I have to prove the replacement lemma by structural induction. We define the logical complexity of a formula as follows:
Let $\varphi$ be a formula.
If $\varphi \in \left\{t, f\right\} \cup IV$ (where $IV$ is the set of propositional atoms), then $complexity(\varphi) = 0$.
If $\varphi = \neg \varphi_1$, then $complexity(\varphi) = complexity(\varphi_1) + 1$
If $\varphi = \varphi_1 \star \varphi_2$ $(\star \in \left\{\wedge, \rightarrow, \vee, \leftrightarrow \right\})$, then $complexity(\varphi) = complexity(\varphi_1) + complexity(\varphi_2) + 1$.
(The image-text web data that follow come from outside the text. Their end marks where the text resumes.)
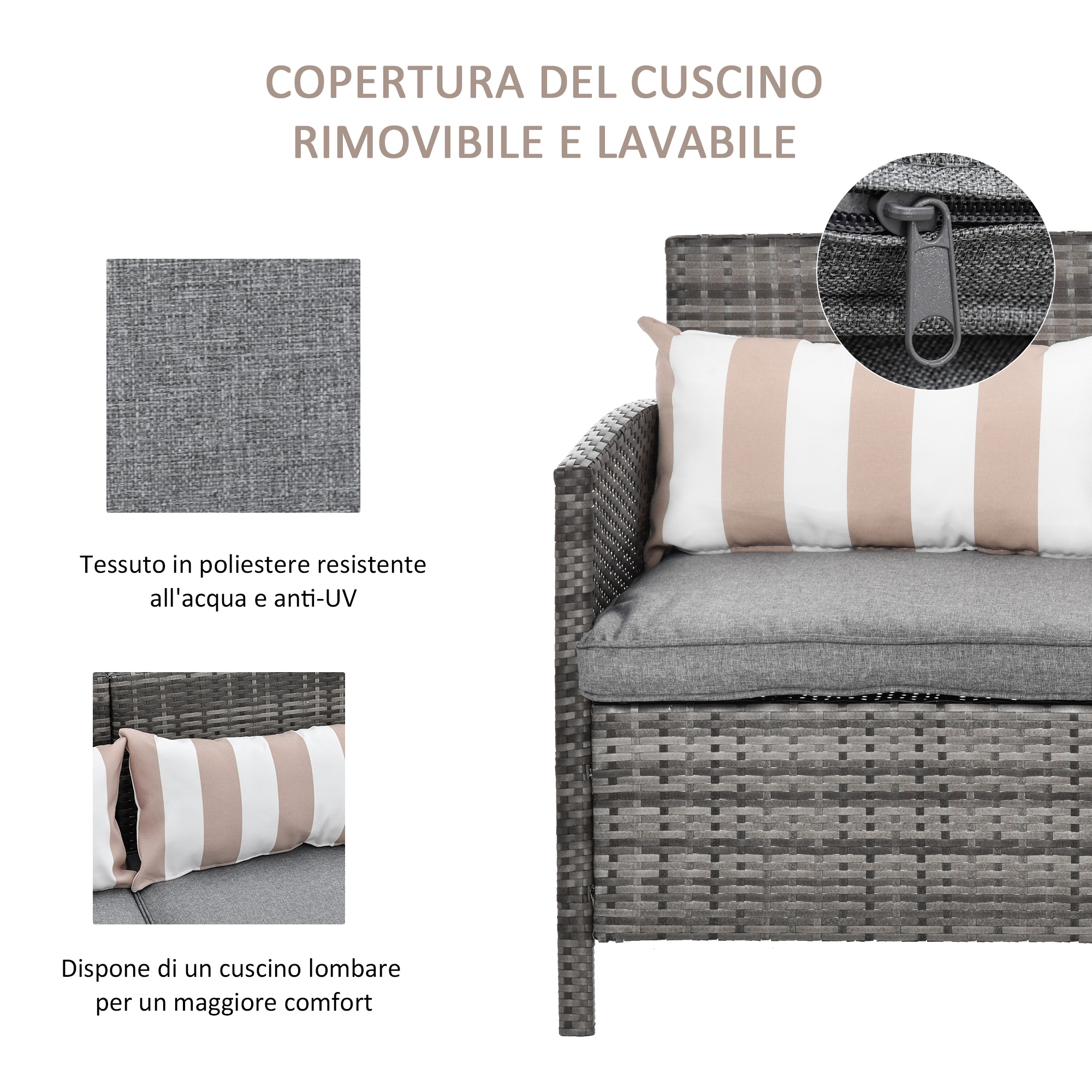 Cuscino da esterno grigio con righe beige e bianche e zip.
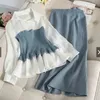 Korean Women Two Piece Sets Outfit Fashion Spring Patchwork Blouse Tops + Long Skirt Suits Elegant Ladies 2 Pcs Set 210525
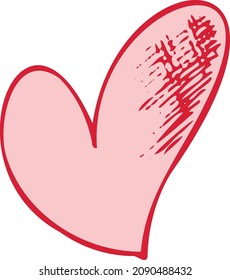 heart contour hand drawing with a brush background. Love pattern, postcard, heart abstract background. vector of hearts with Valentine's Day 14 February. Background for invitations and scrapbookin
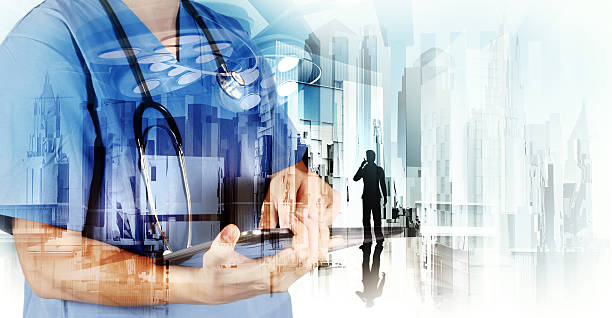 istock Double exposure of image abstract hospital city 487253262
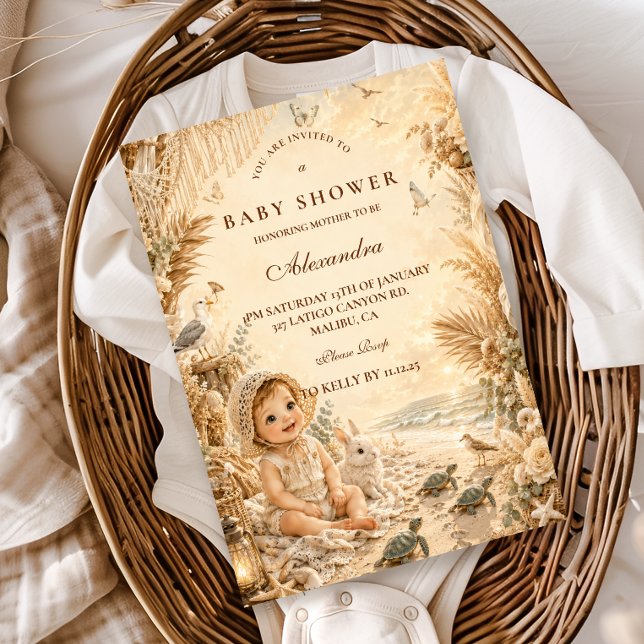 Elegant Beach Boho Barnrumsfirande Inbjudningar (Skapare uppladdad)
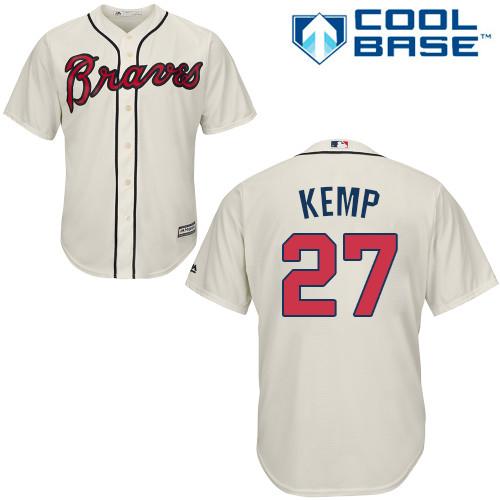 Braves #27 Matt Kemp Cream Cool Base Stitched Youth MLB Jersey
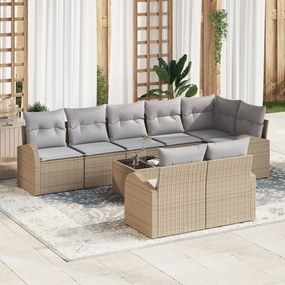 vidaXL Set de canapea pentru grădină Manual 9 pcs Bej 55 x 55 x 37 cm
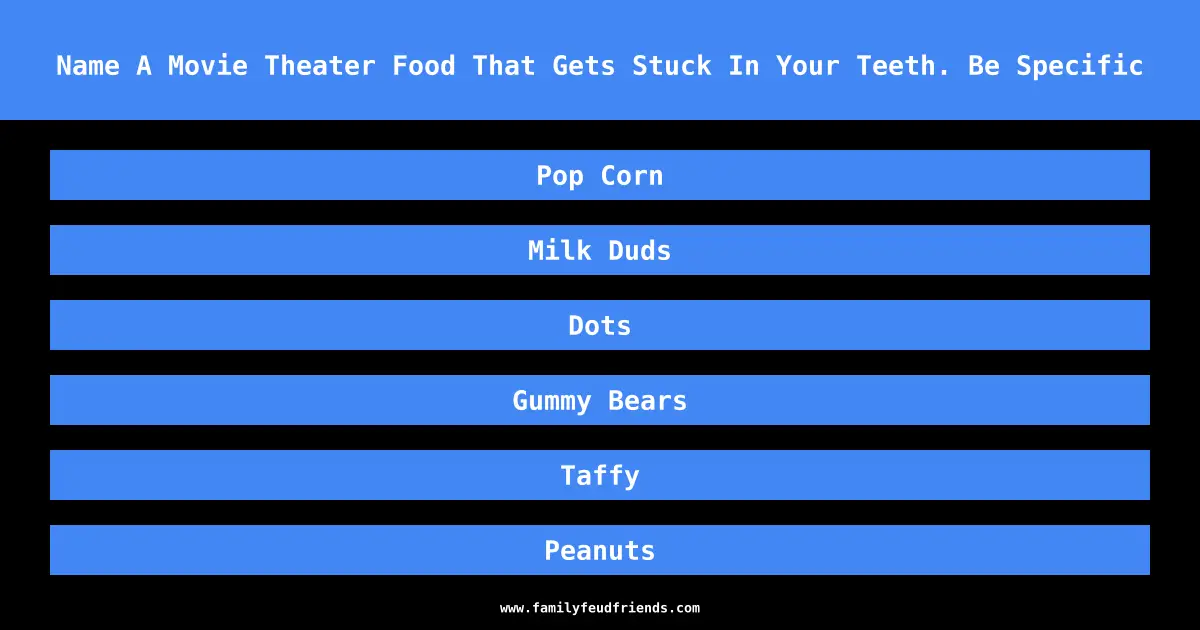 Name A Movie Theater Food That Gets Stuck In Your Teeth. Be Specific answer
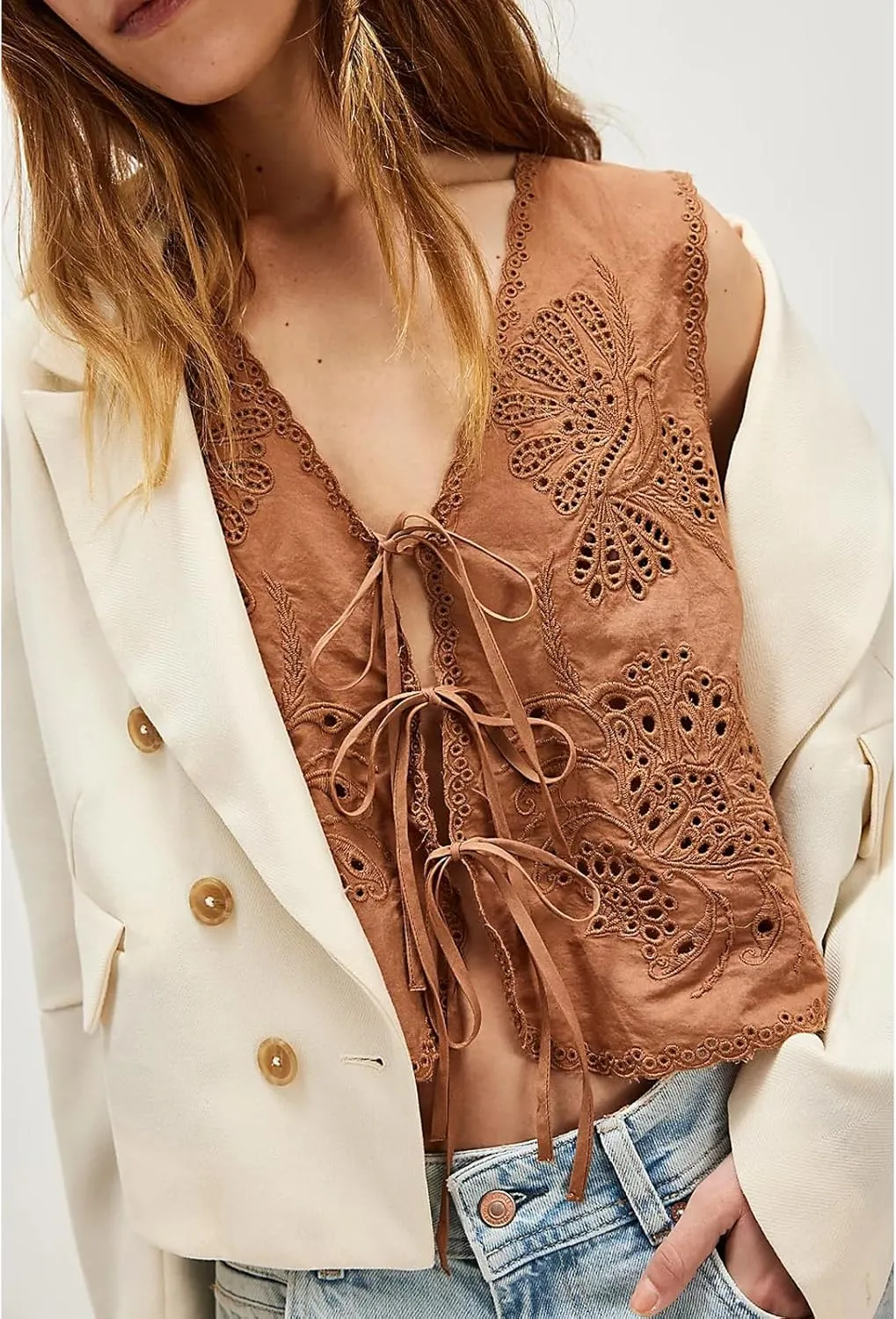 Women Y2k Embroidered Floral Front Tie Up Tank Vest Summer V Neck Cute Eyelet Going Out Crop Tops Blouse Shirts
Now i shall prove the classical replacement lemma (semantic version). I.e
If $\mathcal{I} \models \varphi_1 \leftrightarrow \varphi_2$ for some interpretation $\mathcal{I}$ then $\mathcal{I} \models \psi\left[\varphi_1\right] \leftrightarrow \psi\left[\varphi_2\right]$
There's a hint that I shall prove the theorem by induction on
$g(\psi, \varphi_1) = complexity(\psi) – complexity(\varphi_1)$.
My idea is the following:
Let $n = g(\psi, \varphi_1)$.
Induction Base (n = 0): in this case it holds that (assuming $\psi$ contains at least on occurrence of $\varphi_1$) $\psi = \varphi_1$.
Induction Base (n = 1): Same here with $\psi = \neg \varphi_1$
Induction Base (n = 2): Same here with $\psi = \varphi_1 \star p$ for some prop. atom $p$ and $\star \in \left\{\wedge, \rightarrow, \vee, \leftrightarrow \right\}$
The problem now is the hypothesis. Assume the theorem holds for som $n$. Now show that it holds for $n + 1$…
Is this the right approach? How can I infer from $n$ to $n + 1$. Or am I completely wrong with my approach.
Thank you!
Best Answer
Your induction hypothesis should be that $n>0$ and the result is true whenever $g(\psi,\phi_1)<n$. Now suppose that $g(\psi,\phi_1)=n$. They $\psi$ is either $\lnot\psi_1$ for some $\psi_1$, or $\psi_1\oplus\psi_2$ for some $\psi_1$ and $\psi_2$ and some $\oplus\in\{\land,\lor,\to,\leftrightarrow\}$.
If $\psi=\lnot\psi_1$, it’s not hard to see that $g(\psi_1,\phi_1)<n$, so if some $\mathcal{I} \models \varphi_1 \leftrightarrow \varphi_2$, then $\mathcal{I} \models \psi_1[\varphi_1] \leftrightarrow \psi_1[\varphi_2]$ by the induction hypothesis, and the desired result now presumably follows from your definition of $\models$.
The argument in case $\psi=\psi_1\oplus\psi_2$ is similar, since you will have $g(\psi_1,\phi_1),g(\psi_2,\phi_1)<n$.